Problem
Pictures in the data should be dropped; transcribe exactly the lines from the one that has "Back yard with fire pit and seating" through the one that has "Movie still from".

Material for the task START

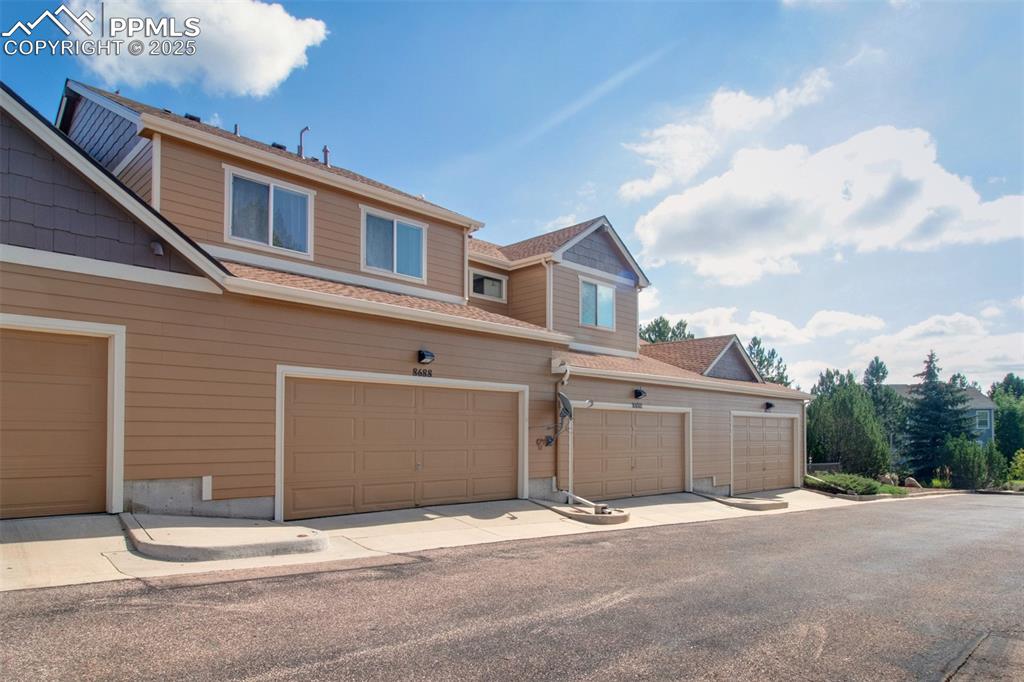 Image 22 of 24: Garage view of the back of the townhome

Material for the task END
Material for the task START

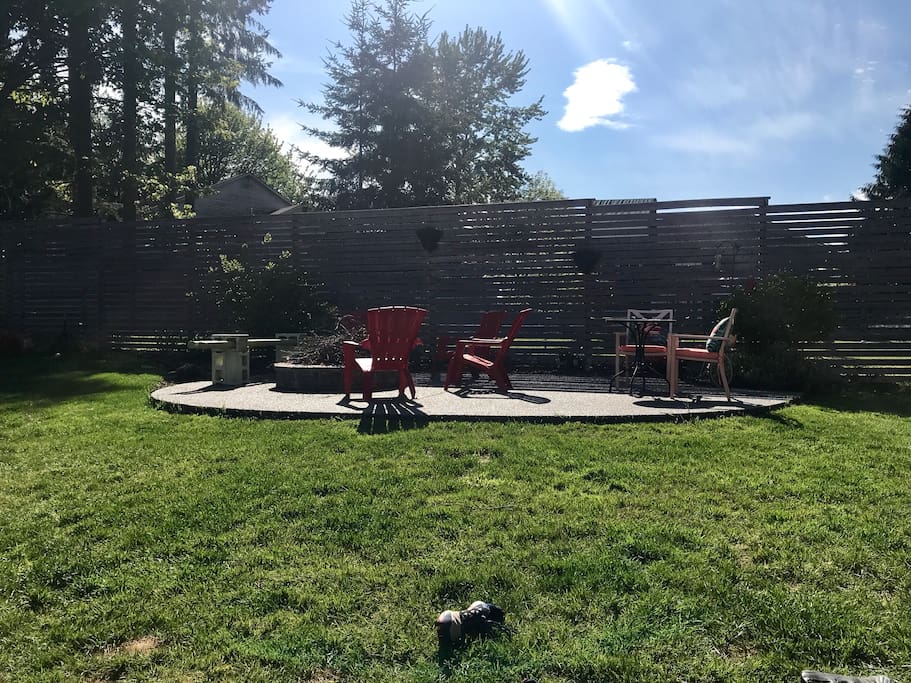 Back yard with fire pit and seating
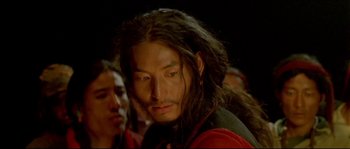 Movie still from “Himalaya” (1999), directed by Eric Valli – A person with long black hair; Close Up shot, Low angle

Material for the task END

Exercise solution
 Back yard with fire pit and seating
 Movie still from “Himalaya” (1999), directed by Eric Valli – A person with long black hair; Close Up shot, Low angle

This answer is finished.